On Nov. 16, 2016, MAGNET: The Manufacturing Advocacy and Growth Network, in conjunction with PNC Bank, presented its 2016 State of Manufacturing: Important Trends Affecting Northeast Ohio Manufacturers at Jergens Inc., 15700 S. Waterloo Road, Cleveland. There was standing room only as manufacturers and service-industry representatives arrived to hear presentations by Rich Wetzel, Youngstown Business Incubator, on the state of additive manufacturing and Dr. Ned Hill, The Ohio State University’s John Glenn College of Public Affairs and Ohio Manufacturing Institute, on manufacturing, the economy and the future.
In opening remarks, Paul Clark, regional president, PNC Bank, noted that “Thirty percent of PNC’s loan commitments in Northeast Ohio have been in manufacturing for the past 20 of 40 years.” These loans help manufacturers with new product development, new markets and acquisitions.
Wetzel, in his presentation on additive manufacturing, aka 3D printing, shared the seven main processes of additive manufacturing, with material extrusion being the most common, and says, “Northeast Ohio is becoming the capital of additive manufacturing and putting the area on the map.” He also shared that low-volume tooling is the low-hanging fruit and the easiest to implement for near-term opportunities but that the market tends to be risk averse.

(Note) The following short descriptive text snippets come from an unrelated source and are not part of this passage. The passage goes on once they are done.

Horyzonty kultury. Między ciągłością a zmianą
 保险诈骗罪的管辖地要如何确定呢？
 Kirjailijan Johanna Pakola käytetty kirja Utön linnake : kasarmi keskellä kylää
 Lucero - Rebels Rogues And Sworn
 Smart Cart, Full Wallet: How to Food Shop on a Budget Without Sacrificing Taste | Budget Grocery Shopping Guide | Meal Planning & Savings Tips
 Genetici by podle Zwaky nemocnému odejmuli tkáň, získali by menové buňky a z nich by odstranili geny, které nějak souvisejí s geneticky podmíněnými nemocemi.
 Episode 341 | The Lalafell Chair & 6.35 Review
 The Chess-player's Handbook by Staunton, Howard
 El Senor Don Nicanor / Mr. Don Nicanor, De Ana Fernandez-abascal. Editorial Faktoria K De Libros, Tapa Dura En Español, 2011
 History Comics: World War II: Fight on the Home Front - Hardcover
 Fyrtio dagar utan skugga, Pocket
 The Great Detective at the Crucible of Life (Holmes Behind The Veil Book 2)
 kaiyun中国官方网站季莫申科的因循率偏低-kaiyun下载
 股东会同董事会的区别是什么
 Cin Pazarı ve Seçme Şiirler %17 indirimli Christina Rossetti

Last, Dr. Hill (if I had an economics professor like this in college, I might have liked economics and learned something) talked about the current uncertainty in the market due to the election but the positive increase in interest rates. He says, “Manufacturing is looked at nostalgically by the public since it’s gone overseas, and they believe we aren’t making things.” In 2014, although China was the top nation for manufacturing, the U.S. was a close second. He shared that the largest market opportunity in the world lies in the NAFTA nations. He did a retrospective and shared that manufacturers were always in the top 10 employers in Ohio but now the reality is that part-time, low-wage jobs in healthcare, retail and food service have become the mainstay. In that reality, he says, “Midsized companies will be driving this state.”
Another trend he discussed in depth was automation. Since 1979, we lost almost 5-million factory jobs but at the same time more than doubled the value due to productivity. In addition, he shared statistics that we have lost 13 percent of factory jobs to trade and 88 percent to automation and continuous improvement, and that robotics is expected to reduce labor by another 22 percent in the U.S. He asked the audience to consider how many jobs technology has saved rather than lost. The U.S., for the first time in recent years, is a threat to China due to its quality, efficiency and improved internal supply chain. He says that when manufacturing can 3D print a die, it will save 20-30 percent and can compete with China. And, as much as we would like to believe that manufacturing powers the economy, it’s actually powered by consumers who do 70 percent of the spending. They are buying the products we manufacture!
Finally, he acknowledged the present problem of aging-out workers and the lack of a skilled workforce to replace them. He says manufacturing’s greatest enemies are parents, school counselors and OSHA, which limits workers under 20 from being on the manufacturing floor. We are losing talent to other industries. Let’s make these people our allies and work toward STEM education and a resurgence of interest in a field has evolved and shed its former stereotypical image.